Философия как живой опыт - страница 22
Но я властно оттолкнул его в небытие. И вот я есмь, и передо мною, на столе — ровный, белый, ограниченный лист бумаги.
Итак, зрение — это мудрая слепота, которой я ограждаю себя от хаоса. И каждый мой взгляд, каждое чувство и хотенье — веселый и гордый отказ от безмерности.
Жить это значит: уже не быть всем, во всем, со всем — но быть собою. Утвердить себя, как особого, ограниченного, единственного. Окружить себя светлой и завершенной сферой. Каким-то божественным усилием вытолкнуть за пределы себя все бездны и все пространства — и сознать их как внешнее, как не-я.
То есть противопоставить себя — всему. Чтобы подлинно быть, должно измерить всю глубину дерзновения, которую несет в себе самый акт личного бытия. И вновь и вновь измерять каждым дыханием.
В этом залог небывалой свободы и неутомимой жадности к земному.
Собственное тело для нас прототип и ключ всех форм. Только его мы знаем динамически, изнутри, — и лишь в силу этого знания получаем возможность истолковывать как форму пространственные грани вещей. Мы угадываем в них изнутри идущий напор, который, встречая противодействие извне, остановлен в своем нарастающем усилии и, несмиренный, напряженно закрепляет себя в пространстве.
Итак, форма всегда знаменует борьбу, всегда динамична. Вещам мы приписываем ее лишь по аналогии, метафорически. В подлинном смысле формой может обладать только живое. Ибо только живая форма действительно есть выражение самоутверждающегося бытия. Она — как бы хрупкая граница, определяемая встречей и борьбой двух непримиримых и неравных сил. С одной стороны — рвущееся к осуществлению бытие; с другой «длань незримо роковая», тяжкая всею косностью стихий, пространств и времен. Исход борьбы заранее предрешен.
Вот почему всякая форма — все, что выделяет себя как целое и особое из неоформленной стихии — всегда трагична. И чем она совершенней, тем явственней выражает: гордое противление, божественно-краткое торжество единого, единственного, неповторимого и его обреченность — безликому, хаотическому абсолютному.
«Абсолютное» по самому определению есть чистое отрицание формы — бесформенное, безобразное, беспредельное, непреходящее: зияющий зев хаоса.
Не только в мире живого, но повсюду: форма есть нечто более преходящее, чем то, что ею оформлено. Я могу уничтожить этот деревянный предмет — дерево все еще останется; я могу сжечь дерево — его материальный состав все еще пребудет. И так, постепенно нисходя по ступеням определенности, предмет растворится, наконец, в материи, вольется во всекачественный хаос, — который уничтожению не подлежит.

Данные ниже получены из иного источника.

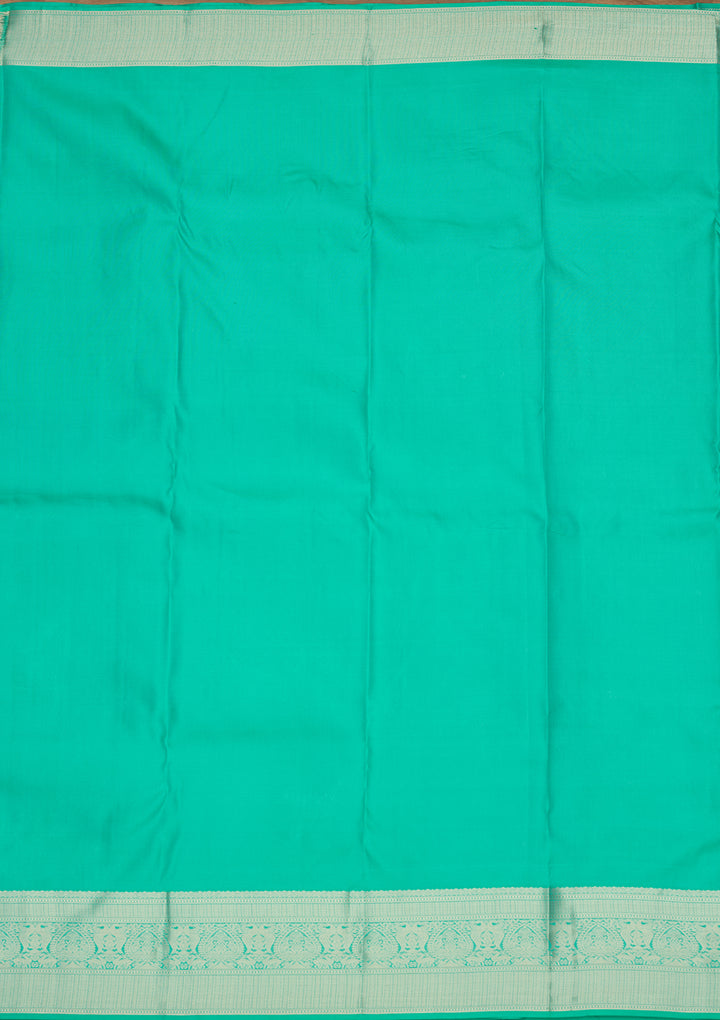 Sky Blue Zariwork (Gold) Silk Silk Saree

Иначе говоря: степень оформленности есть степень хрупкости. И то именно, что дает вещи ее бытие как именно этой вещи — то самое обрекает ее к уничтожению.

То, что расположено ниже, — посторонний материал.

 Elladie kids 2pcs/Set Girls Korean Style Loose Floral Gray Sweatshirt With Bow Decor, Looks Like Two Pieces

Так во всех планах бытия обнаруживается все тот же закон: каждый шаг к определенности, каждый шаг к совершенству есть шаг к гибели.
Индивидуальность — последняя, окончательная определенность — есть тем самым и чистейшая обреченность, чистейшее отрицание вечности.

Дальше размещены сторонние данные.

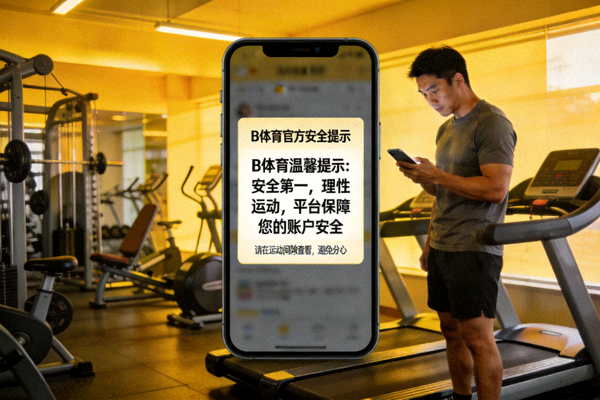 B体育官方安全提示配图 - 用户在健身房中查看手机上的平台公告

Если собственное тело для нас прототип всех форм, то характер нашего восприятия формы вообще всецело предопределен тем, как мы ощущаем свое тело. Это ощущение косвенно обнаруживается в нашем отношении к тому, что было и что перестало быть телом — к трупу.
Поэтому тип погребения, свойственный данной культуре, — ключ к искусству этой культуры. И здесь два предельных типа — это сожжение и бальзамирование; они предполагают два совершенно несоизмеримых чувствования тела и формы.
При известном усилии мы еще можем соприкоснуться с эллинским чувствованием: наш внутренний опыт, который заставляет нас предавать умерших медленному тлению в Земле, в некоторых отношениях соприкасается с ихним.
Но бальзамирование — этот странный суррогат вечности — нам всецело и до конца чуждо.
Только наполненная форма, т. е. осуществляемая и читаемая изнутри — воспринималась эллином как форма. Она не облекает, но раскрывает то, что за нею. То есть она не просто оболочка, не поверхность, а напряженная граница жизни.
«Трупы отвратительнее навоза», — говорит Гераклит. Почему? Потому что даже навоз правдиво и адекватно выражает то, что он есть: разложение, нисхождение в материю. А труп лжет: он все еще хранит кощунственное подобие того, кто жил, словно выдает себя за него. Но под застывшими чертами, которые остались те же, хаос уже вступил в свои права.